Uhura, as mulheres e a ficção científica

A oficial-chefe de comunicações das naves USS Enterprise e USS Enterprise-A tem uma importância vital para a ficção científica e para a representatividade tanto de mulheres quanto de negros. Em plenos anos 60, momento de intensa segregação social e racial, onde o sonho americano para mulheres era ser dona de casa e mãe (e isso para brancas), uma mulher negra era oficial de uma nave estelar. Não se pode diminuir a importância desta personagem na ficção científica e para uma geração de mulheres que se seguiu.


Arte de Moira Murphy.





Nyota Uhura, interpretada por Nichelle Nichols, é um símbolo dentro de Star Trek e da ficção científica. Uhura vem da palavra Swahili 'uhuru', que quer dizer liberdade. Como parte do mundo futuro de Star Trek, onde as diferenças entre as pessoas tinham caído, a presença de uma negra na ponte de uma nave estelar em plenos anos 60 foi uma revolução para a TV e para a representatividade. Se não fosse pela insistência de Martin Luther King, que pediu para que Nichelle continuasse na série, pois ela não sabia da importância que tinha na tela, sua participação teria sido bem curta.

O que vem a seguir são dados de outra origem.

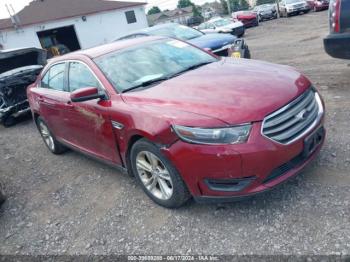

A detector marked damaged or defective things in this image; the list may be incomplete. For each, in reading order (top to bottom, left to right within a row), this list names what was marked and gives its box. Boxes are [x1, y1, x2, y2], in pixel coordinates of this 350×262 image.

damaged hood [0, 47, 46, 74]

Gene Roddenbery tinha uma visão de um futuro onde as mazelas sociais acabaram. Então, nada mais lógico, que uma nave espacial que tem por missão investigar os confins do espaço nesta nova sociedade seja plural e que represente a raça humana. Claro, ainda temos um trio de homens brancos, cis e hetero no comando - Kirk, McCoy e Spock - mas temos uma negra como oficial, um russo (em plena Guerra Fria) e um oriental. Star Trek ainda representa um entretenimento e uma ficção científica baseada nas visões de homens brancos, cis e heteros.

Uma mulher seguindo carreira numa nave espacial é uma mensagem às mulheres da época. Era um sinal que elas poderiam deixar de lado as tarefas domésticas, os filhos e o marido e poderiam ser independentes e chegar onde bem quisessem. O beijo de Uhura e Kirk - o primeiro beijo inter-racial da TV - também dizia que seus corpos lhes pertenciam e que elas poderiam sair e beijar quem quisessem e ainda serem especialistas em xenolinguística. Star Trek inovou em mostrar esse futuro sem as barreiras raciais, coisa que muitas outras ficções científicas por aí não fizeram, nem fazem.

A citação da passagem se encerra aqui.